YOUR GOAL » Below are entries with pictures in them. Output exactly the lines starting at the line with "Walking through the" and ending at the line with "Setiawan Aswad Hadiri", both included, but not the pictures.

DATA FOR ANALYSIS »
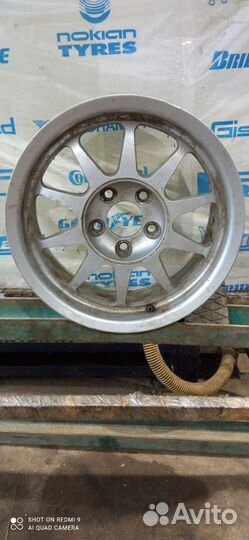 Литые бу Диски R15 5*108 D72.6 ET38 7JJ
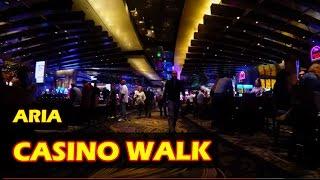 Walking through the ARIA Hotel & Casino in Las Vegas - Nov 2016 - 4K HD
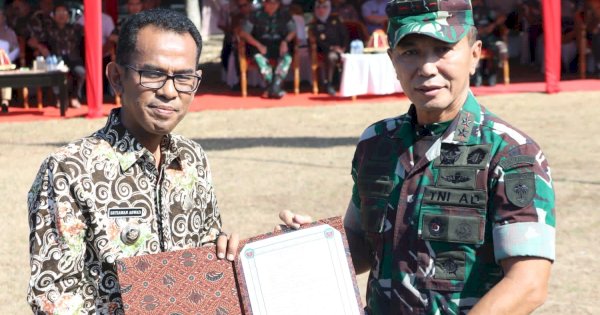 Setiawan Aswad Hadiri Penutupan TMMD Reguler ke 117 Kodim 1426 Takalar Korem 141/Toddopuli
---
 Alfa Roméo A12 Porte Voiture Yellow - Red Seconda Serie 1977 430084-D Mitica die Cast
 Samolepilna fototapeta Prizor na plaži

ANSWER FOR THIS EXERCISE »
 Walking through the ARIA Hotel & Casino in Las Vegas - Nov 2016 - 4K HD
 Setiawan Aswad Hadiri Penutupan TMMD Reguler ke 117 Kodim 1426 Takalar Korem 141/Toddopuli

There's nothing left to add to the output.